Captioned web images
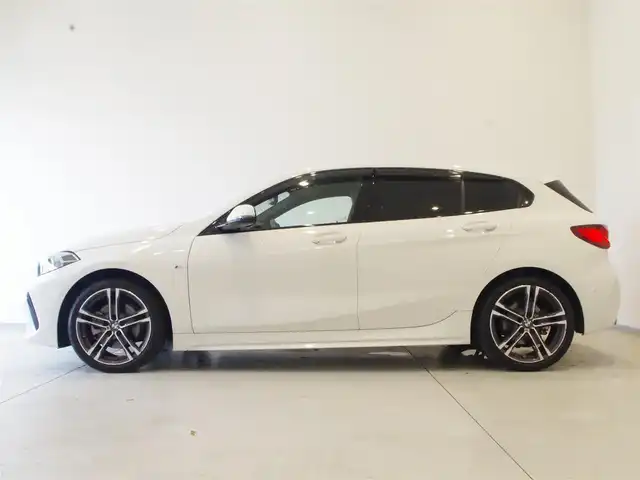ＢＭＷ １１８ｉ Mスポーツ 岐阜県 2019(令1)年 3.4万km アルピンホワイトⅢ ドライビングアシスト/　レーンディパーチャーウォーニング/　レーンチェンジウォーニング/　前車接近警告機能/　衝突回避、被害軽減ブレーキ/　後車衝突警告機能/　クロストラフィックウォーニング（リヤ）/　トラフィックサインアシスト/アクティブクルーズコントロール（ストップ&ゴー機能付）/パーキングアシスト/　パークディスタンスコントロール/（フロント&リヤ、ビジュアル表示機能付）/　パーキングアシスト/　リヤビューカメラ（予想進路表示機能付）/　リバースアシスト/BMWライブコックピット/HDDナビゲーションシステム/VICS 3メディア対応/コンフォートパッケージ/オートマチックテールゲート/コンフォートアクセス/リヤガラスフィルム施工/純正ドライブレコーダー/ITSスポット対応DSRC車載器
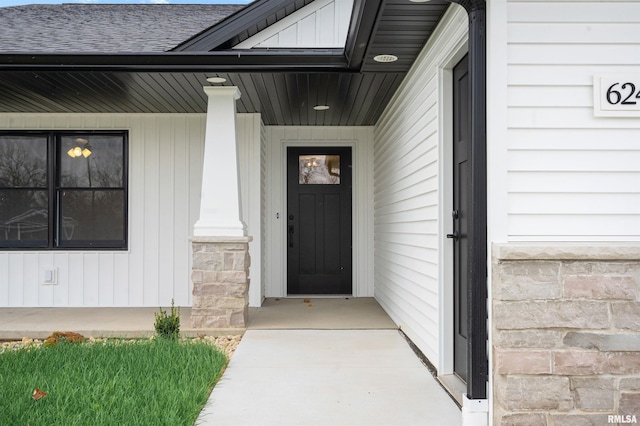 property entrance with a porch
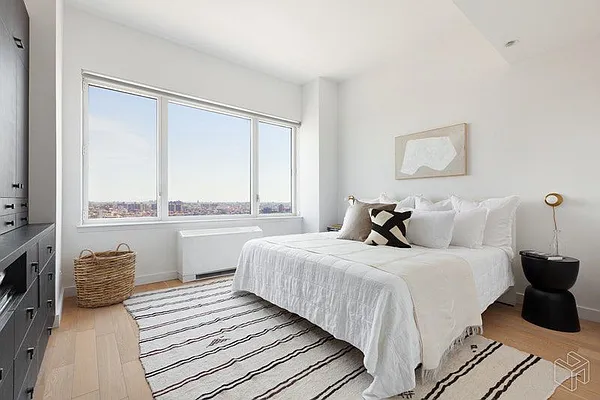 Sold by Halstead Real Estate | media 28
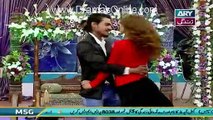 Mulk Halat Jung Main Hai aur Pakistan Ke Morning Show main Kia dikhaya Ja Raha Hai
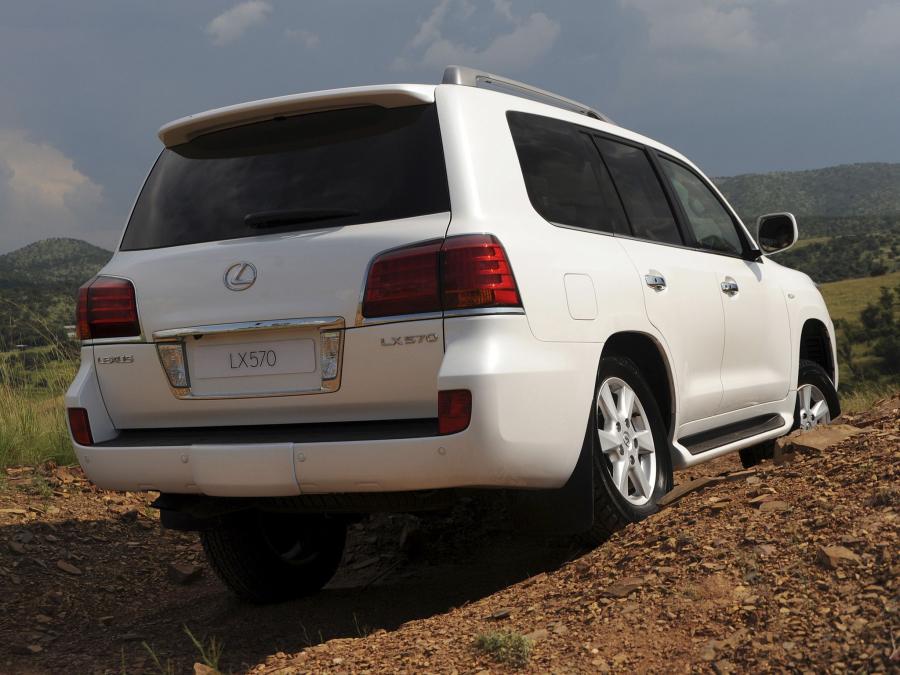 Lexus LX 570 2010 серый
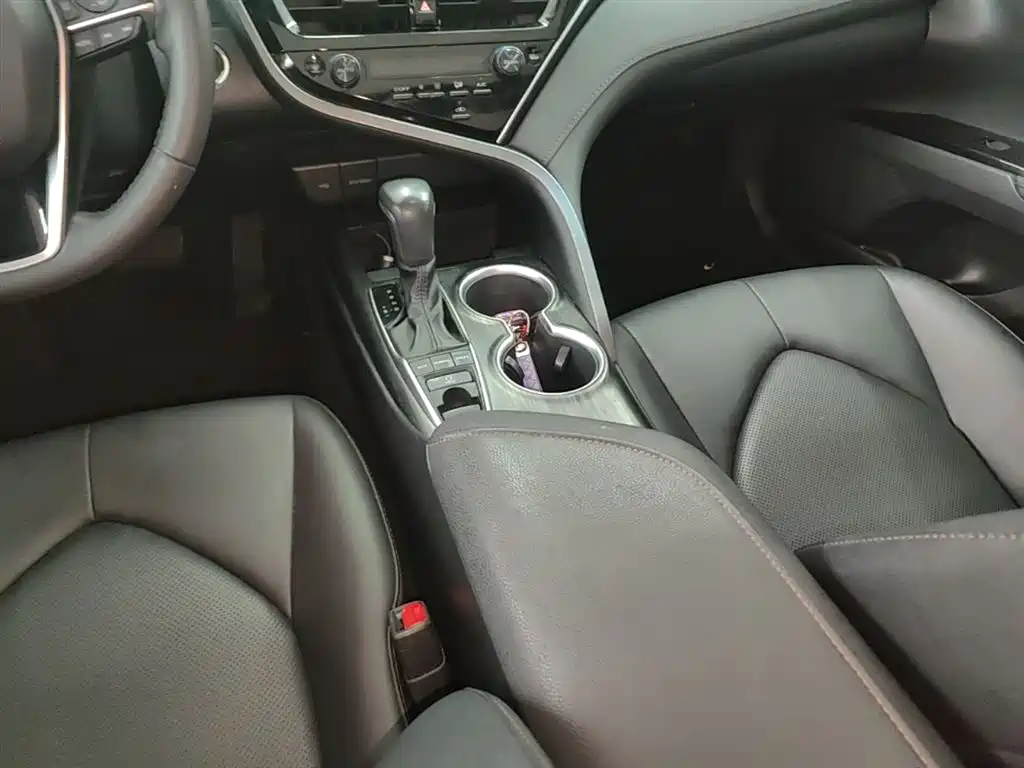Camry 2021 2.5G Deluxe Edition купить на сайте DeffCars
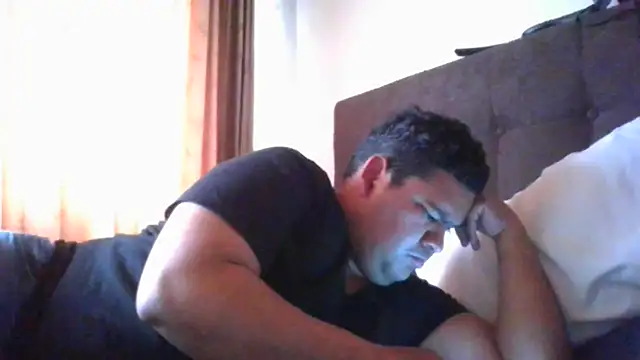 Snapshot of oscarshow24 chatting on 10/01/25, 07:29 oscarshow24 online show from 10/01/25, 07:29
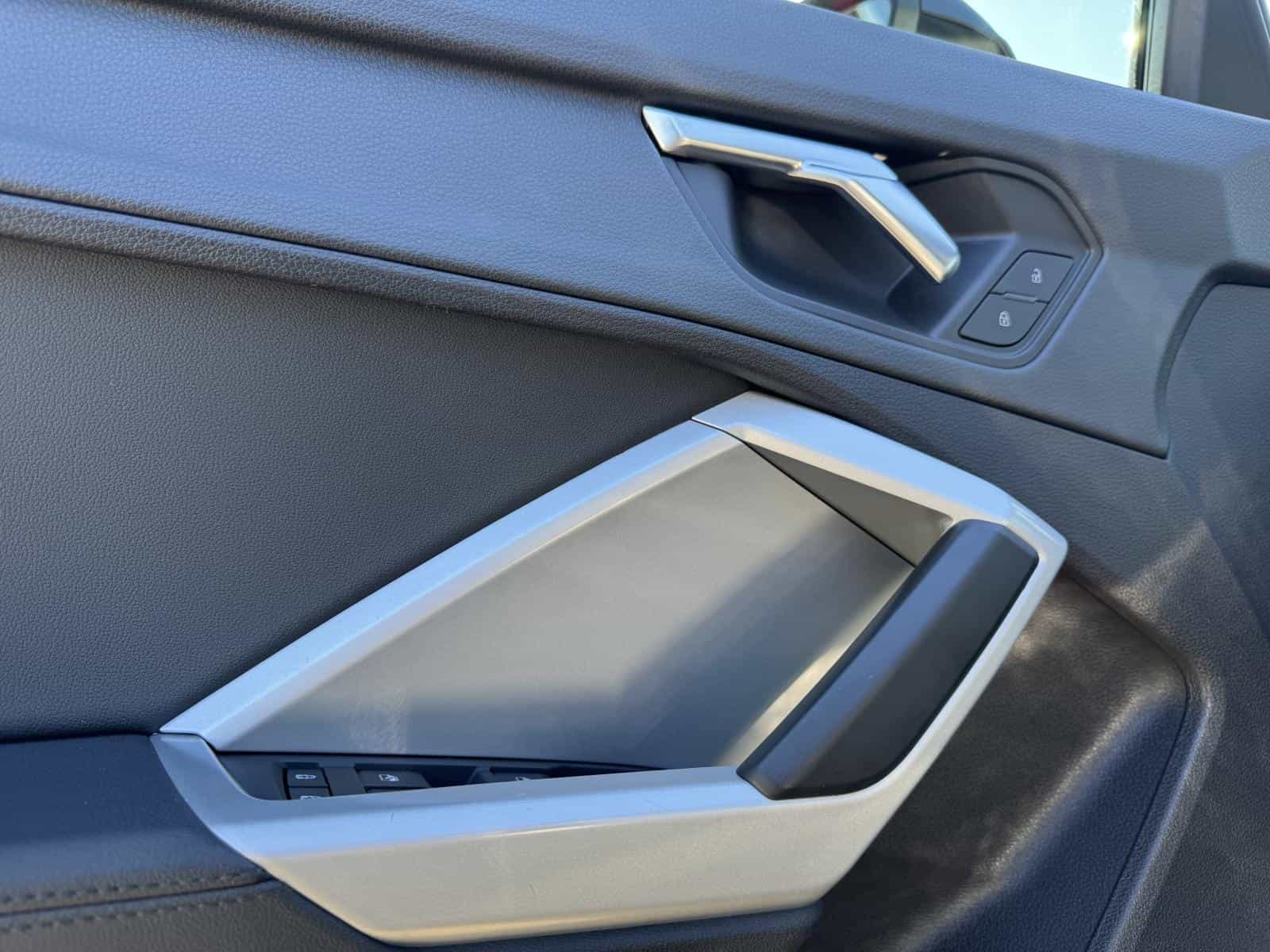 2021 Audi Q3 Komfort 45 - Image 8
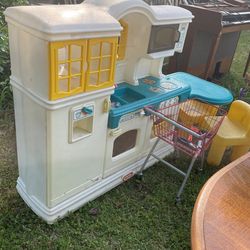 Little Tykes country Kitchen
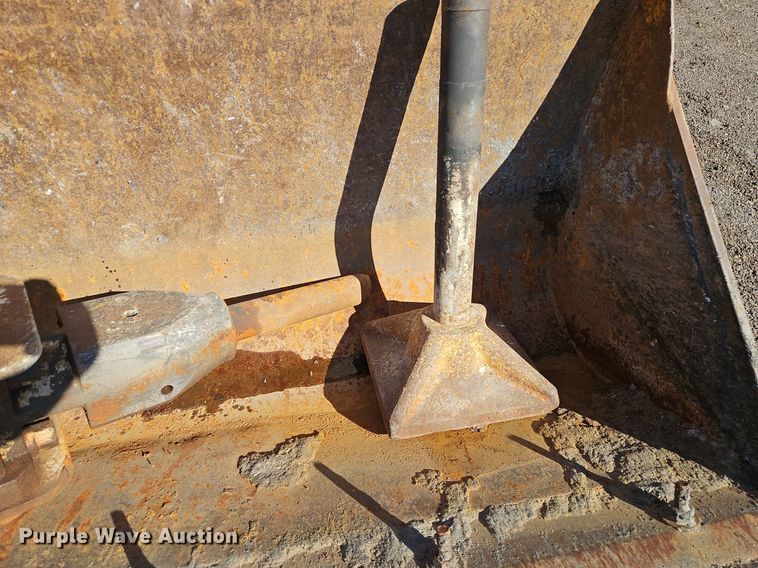 image for item OJ9500 2003 John Deere 310G backhoe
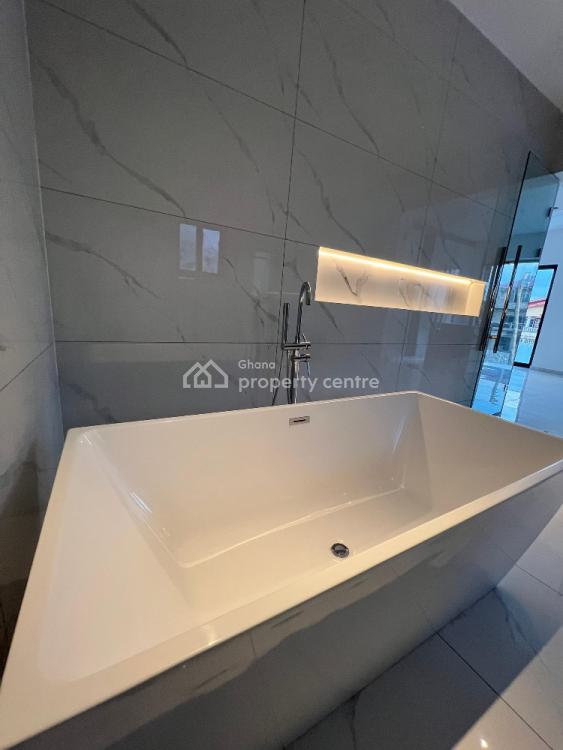 En-suite 5 Bedroom Luxury House with Swimming Pool, Adenta Municipal, Accra, Detached Duplex for Sale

### The problem
From the line containing "Camry 2021 2.5G" to the last line of the entries, output every line exactly as written, but leave out the pictures.

### Response for this exercise
Camry 2021 2.5G Deluxe Edition купить на сайте DeffCars
 Snapshot of oscarshow24 chatting on 10/01/25, 07:29 oscarshow24 online show from 10/01/25, 07:29
 2021 Audi Q3 Komfort 45 - Image 8
 Little Tykes country Kitchen
 image for item OJ9500 2003 John Deere 310G backhoe
 En-suite 5 Bedroom Luxury House with Swimming Pool, Adenta Municipal, Accra, Detached Duplex for Sale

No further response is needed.